Analysis of the results of the reviewed studies shows that use of CDSS in prescribing a number of drugs has no effect on the physicians’ performance in outcomes such as drug prescription rates with drug suitability index and average functional status outcome and drug complexity index [41, 44, 45]. Our study results are consistent with Olsson, suggesting that CDSS for elderly people who use multiple types of medicines has no effect on important outcomes when prescribing medicines [80]. The explanation for the incidence of unexpected findings in this research was the lack of information for patients with serious infections requiring immediate care and the lack of relevance of the checklist given for the drug problems of the patient [41, 44, 45].

This systematic review study was conducted with the aim of identifying the effect of CDSS on patient outcomes and physicians’ performance. The results show that use of CDSS in some diseases has positive effects on the outcomes of patients and the physicians’ performance as well, while it has no significant effect on others. In addition, the type of outcomes and the effects of CDSS on the disease are different. Using this technique in some cases yields positive results in patients and doctors, while in others it demonstrates no significant difference compared to those of conventional methods. The positive effect of CDSS seems to be due to factors such as user-friendliness of the system, the number of patients requiring treatment, the rate of observance of clinical guidelines, conformity of clinical guidelines and data registry, the rate of patients’ accurate adherence to messages of the system, useful short messages, the existence of algorithms with dynamic functioning based on patient data, existence of patient medical records, the relationship between electronic health records with CDSS and timely alerts of the system in the prescribing process.
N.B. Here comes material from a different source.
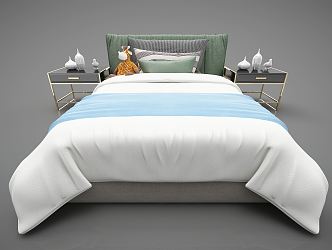 modern single bedding 3d model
In addition, the positive effect of CDSS depends on a number of other factors such as having an instruction section, not being confronted with mandatory recommendations, patient and physician cooperation with the help of CDSS guidelines, not lagging between alerts where the alert is of low importance and the identification of important alerts, equipping pharmacies with CDSS and system applicability, considering the opinions of doctors when assessing the value of alerts and notifications for drug interaction.

The selected papers in this study were about different diseases; therefore, we had to have different process design, results and evaluation criteria which made it impossible for us to conduct a meta-analysis. The results are therefore presented in a narrative form.
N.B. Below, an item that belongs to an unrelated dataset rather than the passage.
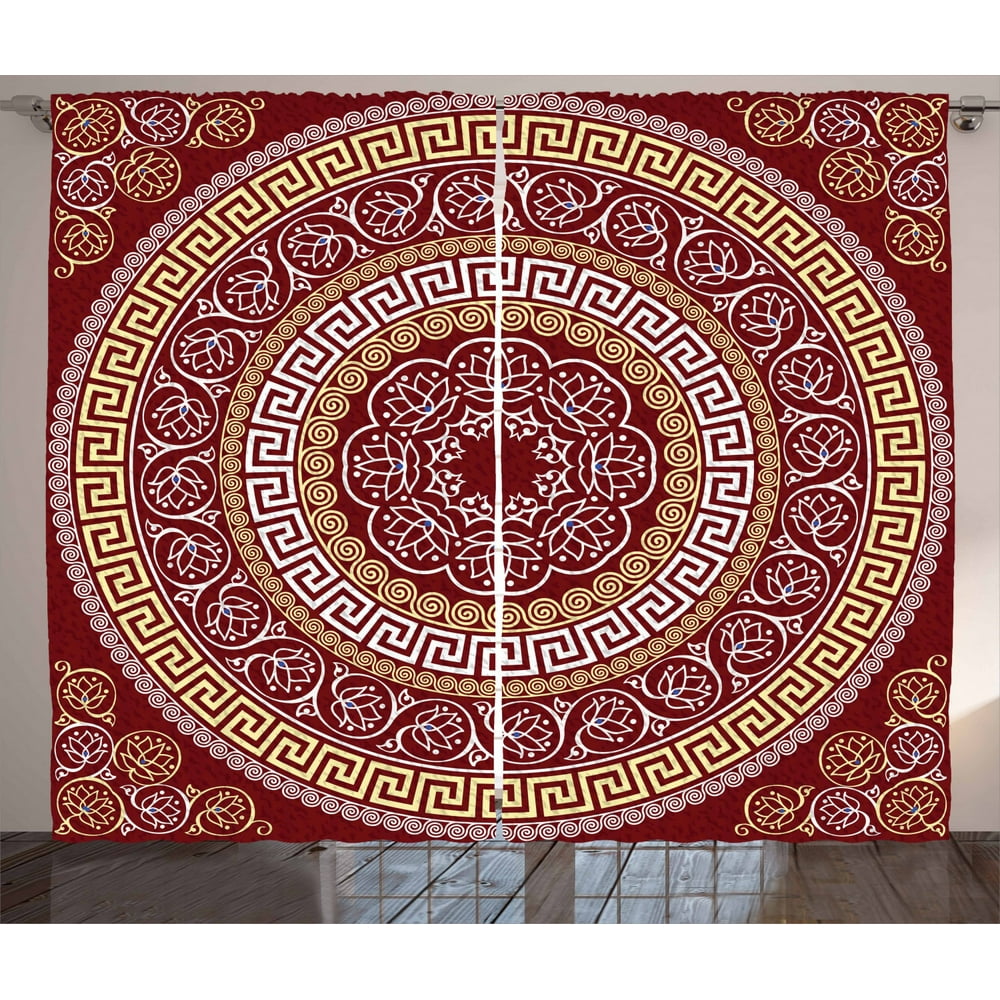 Greek Key Curtains 2 Panels Set, Round and Square Ornament Meander with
CDSS: Clinical Decision Support System; MeSH: Medical Subject Headings; PRISMA: Preferred Reporting Items for Systematic Reviews and Meta-Analyses; MRC: UK Medical Research Council; RTMM: Real Time Medication Monitoring system; PAID: Problem Areas in Diabetes; MMAI: Modified Medication Appropriateness Index; SMS: Short Message System; RCT: Randomized Control Trial

Ethics approval and consent to participate
- Before collecting the data for the present study, authors obtained the Code of Ethics from Ethics Committee for University Research, Iran University of Medical Sciences.
- All stages of research were conducted by two independent researchers.
- During the research project, all papers related to the accuracy of the method were identified and analyzed.
Consent to publish

There is not any individual person’s data in any form in this research.
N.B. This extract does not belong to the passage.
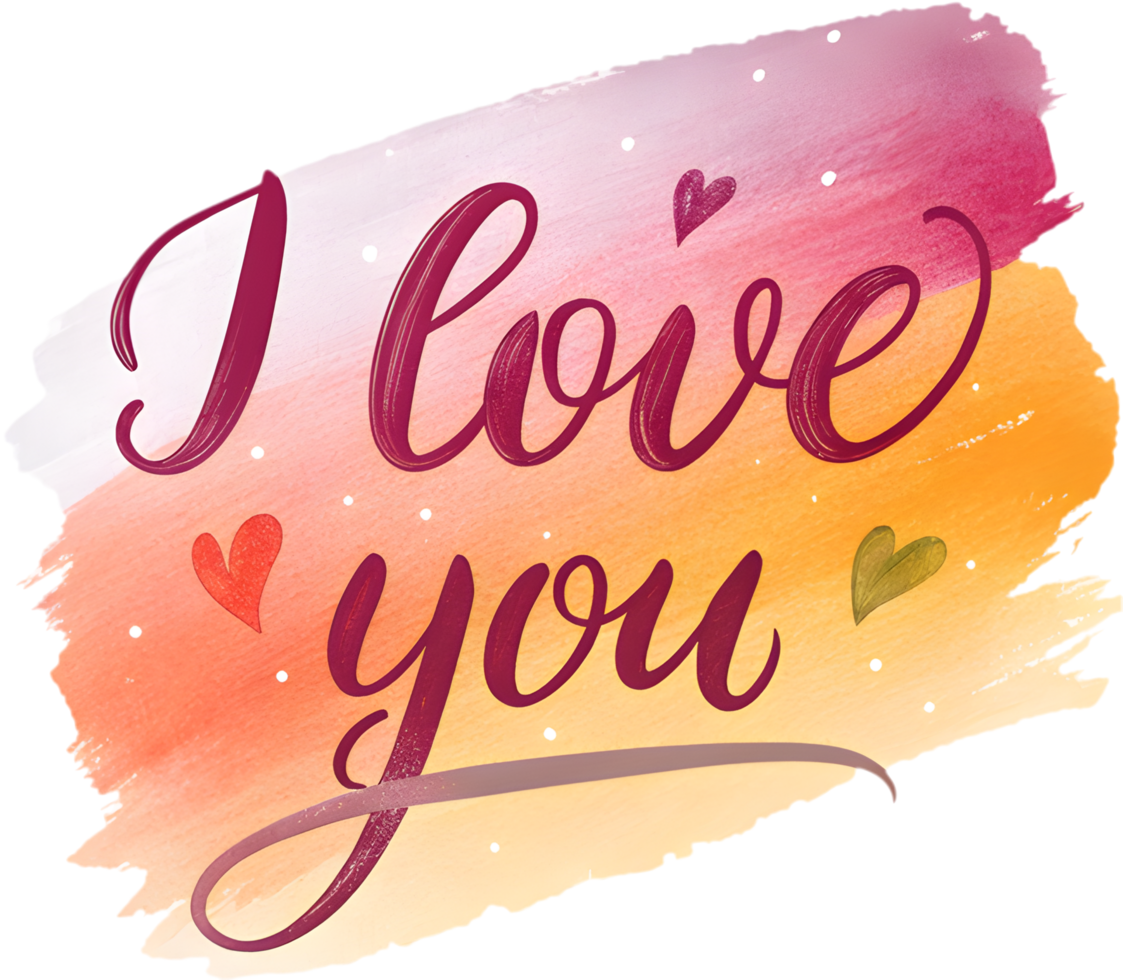 Heartfelt I love you calligraphy words, . png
Availability of data and materials

All data generated or analysed during this study are included in this published article [and its supplementary information files].

Competing interests

The authors declare that there is no financial and non-financial competing interests associated with this research.

Funding

There was no funding resource for this study.

Authors' contributions

TM and FV searched the literature, extracted the information, and discussed it. FS convinced the PRISMA result, reviewed the contradictions and organized the entire outcome. SE assisted in the writing process and language editing. SP helped analyze the clinical outcomes. All authors read and approved the final manuscript.

Acknowledgment

This article is a research project entitled “The effects of clinical decision support system for prescribing medication on patient outcomes and physician practice performance: A systematic review”, approved by Iran University of Medical Science (IUMS), in March 2018 with the ethical code “IR.IUMS.REC 1396.32465”. Also, we thank Professor Brian Haynes for his valuable comments.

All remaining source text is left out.